Con il secondo motivo denuncia « violazione e falsa applicazione degli artt. 1575 e 1576 c.c. disciplinanti gli obblighi del locatore, con riferimento alla domanda di riduzione del canone (art. 360, I comma, n. 3 c.p.c.) ».
Per le medesime considerazioni svolte a fondamento del primo motivo, deduce che il giudice d’appello avrebbe dovuto considerare legittima anche la richiesta di riduzione del canone.
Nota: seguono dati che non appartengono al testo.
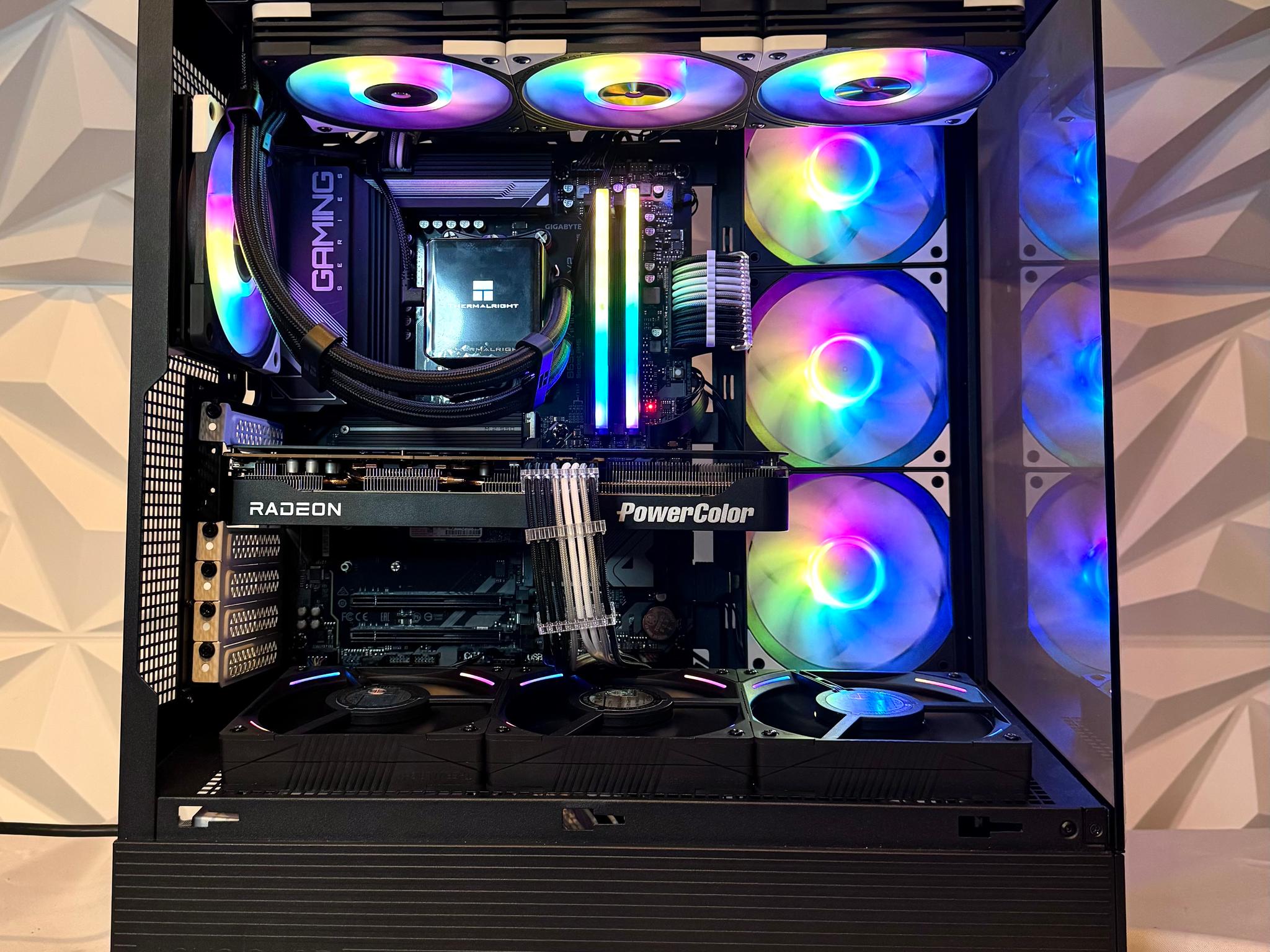 ⚫️🐰|High-end Gaming Pc| Ryzen 9 9900x, 9070xt, 32gb, 5tb, Wifi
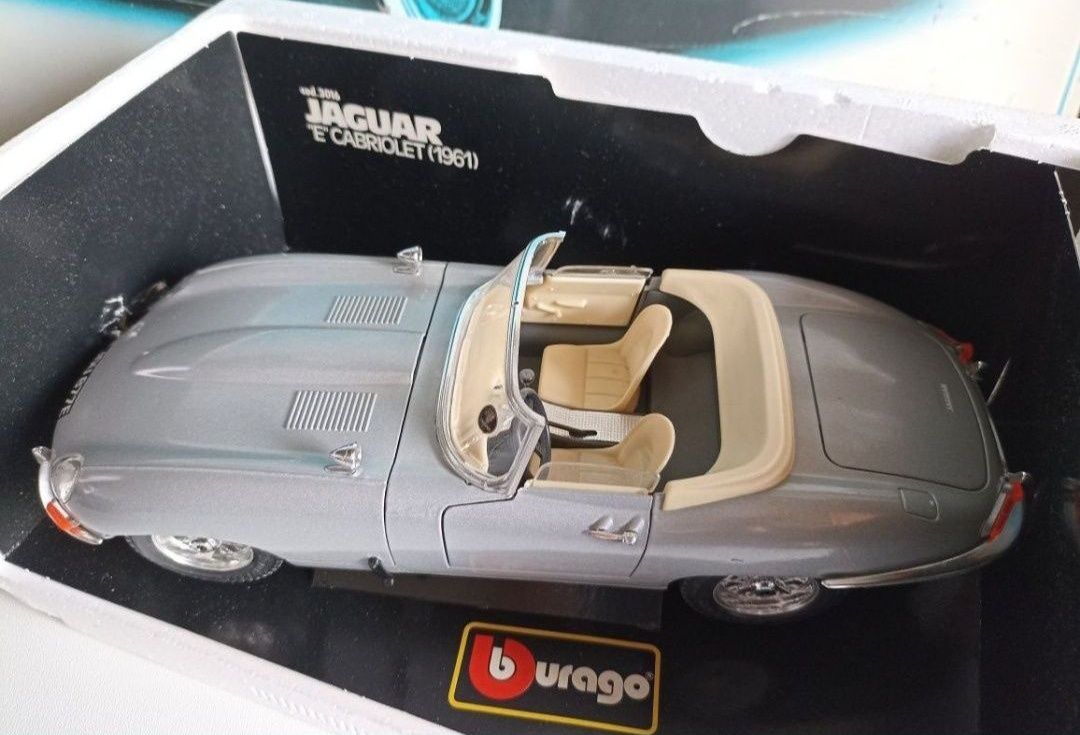 Jaguar E cabriolet bburago 1:18
Scara 1:18
Bburago
Pozele reflectă rea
Con il terzo motivo la ricorrente denuncia « omesso esame di fatti decisivi controversi per omessa considerazione delle risultanze dell’ATP (art. 360 comma primo n. 5 c.p.c.) » da cui emergeva l’imputabilità dello stato di fatiscenza a vizi strutturali la cui eliminazione non poteva essere posta a carico della conduttrice.
Con il quarto motivo -rubricato « nullità della sentenza per motivazione apparente e/o contrasto tra affermazioni inconciliabili (art. 360 comma primo n. 4 c.p.c.) » ─ la ricorrente lamenta la contraddittorietà con precedenti passaggi argomentativi dell’affermazione contenuta in sentenza secondo l’a.t.p., essendo intervenuto successivamente al conclamato grave inadempimento della COGNOME, « non può valere come giustificazione postuma ».
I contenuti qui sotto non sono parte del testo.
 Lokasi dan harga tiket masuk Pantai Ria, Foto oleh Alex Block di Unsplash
Con il quinto motivo ─ rubricato « omesso esame di fatti decisivi per avere la Corte omesso la considerazione di elementi fattuali dedotti nei capitoli di prova non ammessi e nelle c.t.u. richieste (art. 360 comma primo n. 5 c.p.c.) » ─ la ricorrente si duole , infine, della mancata ammissione delle prove richieste.
Al termine della illustrazione del motivo la ricorrente osserva, inoltre, che le opere necessarie a eliminare i fenomeni infiltrativi, essendo questi imputabili a vizi strutturali, non potevano essere assolutamente poste a carico della conduttrice mediante la compensazione con un’annualità di canoni di locazione, e che la clausola contrattuale che ciò prevedeva doveva considerarsi affetta da nullità assoluta, per contrarietà alla norma imperativa di cui al su menzionato art. 1576 c.c..
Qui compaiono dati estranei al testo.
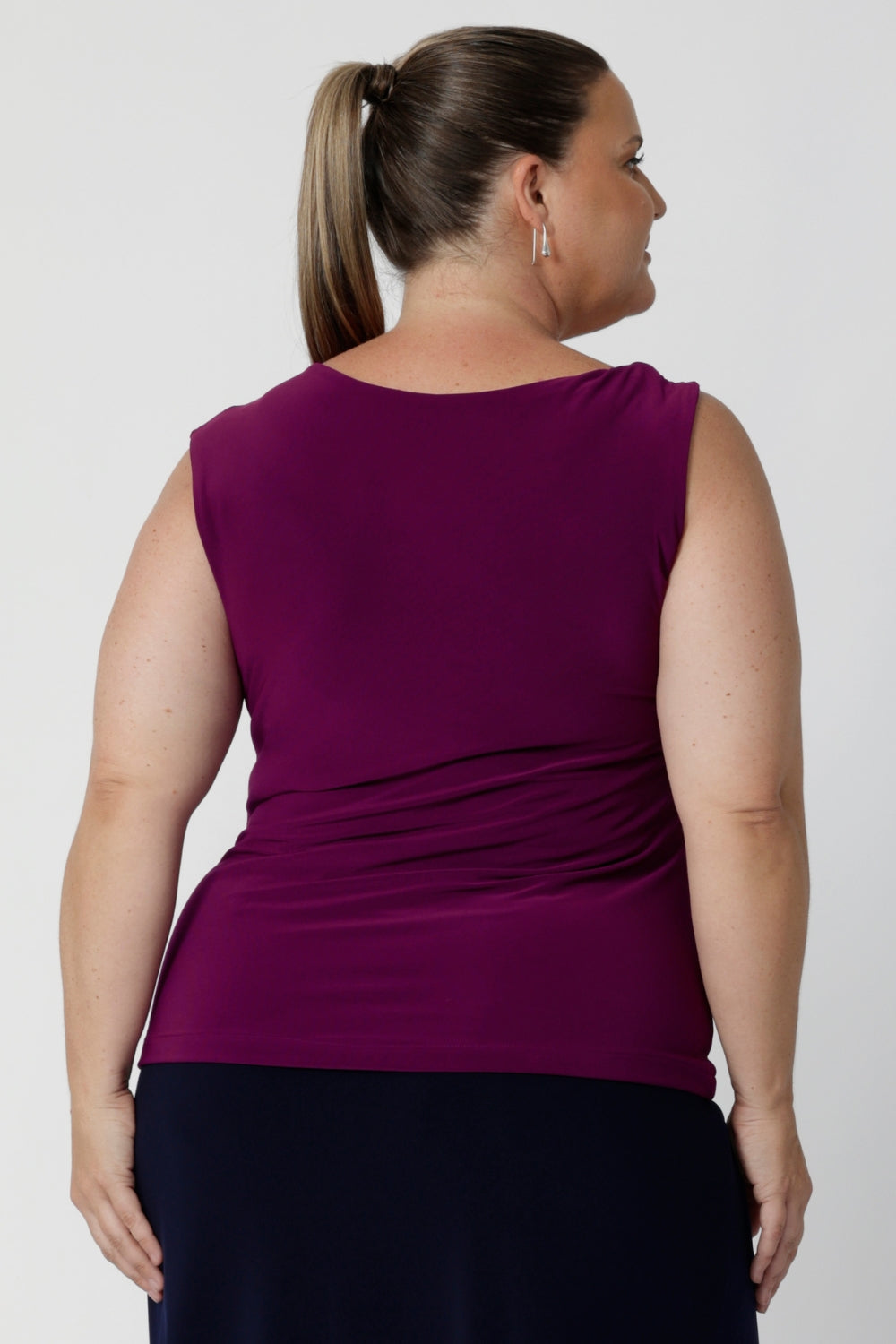 Crafted in a bold magenta colour, this top is perfect for pairing with both plain pieces for a pop of vibrant colour or prints for a fun, mixed-media look. Its straight hem offers great styling versatility, allowing it to be tucked in for a polished, professional look or left out for a more relaxed, easygoing style.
6. Il primo motivo è infondato.
Secondo pacifico insegnamento, l’obbligo del locatore di effettuare le riparazioni necessarie a mantenere l’immobile in buono stato locativo, di cui all’art. 1576 c.c.., riguarda gli inconvenienti eliminabili nell’ambito delle opere di manutenzione e, pertanto, non può essere invocato per rimuovere guasti aventi causa in fenomeni non transitori o deterioramenti rilevanti (quali quelli che, secondo quanto pacificamente emerge dalla sentenza e dalle stesse indicazioni della ricorrente, affliggono l’immobile per presenza di umidità e formazione di condensa), rispetto ai quali la tutela del locatario resta affidata alle disposizioni dettate dagli artt. 1578 e 1581 c.c. per i vizi della cosa locata (Cass. 25/05/2010, n. 12712; 13/11/2019, n. 29329). Ne discende che, non potendosi configurare un inadempimento del locatore, non è nemmeno attuabile il rimedio di cui all’art. 1460 cod. civ. consentito solo a fronte di un inadempimento della controparte.
7. Il secondo motivo è parimenti infondato.
L’art . 1578 cod. civ. ─ cui, come detto, occorre riferirsi per il governo in iure della fattispecie ─ al primo comma prevede che « se al momento della consegna la cosa locata è affetta da vizi che ne diminuiscono in modo apprezzabile l’idoneità all’uso pattuito, il conduttore può domandare la risoluzione del contratto o una riduzione del corrispettivo, salvo che si tratti di vizi da lui conosciuti o
facilmente riconoscibili ». Dispone poi l’art. 1579 cod. civ.: « il patto con cui si esclude o si limita la responsabilità del locatore per i vizi della cosa non ha effetto, se il locatore li ha in mala fede taciuti al conduttore oppure se i vizi sono tali da rendere impossibile il godimento della cosa ». Infine, dispone l’art. 1580 cod. civ.: « se i vizi della cosa o di parte notevole di essa espongono a serio pericolo la salute del conduttore o dei suoi familiari o dipendenti, il conduttore può ottenere la risoluzione del contratto, anche se i vizi gli erano noti, nonostante qualunque rinunzia ».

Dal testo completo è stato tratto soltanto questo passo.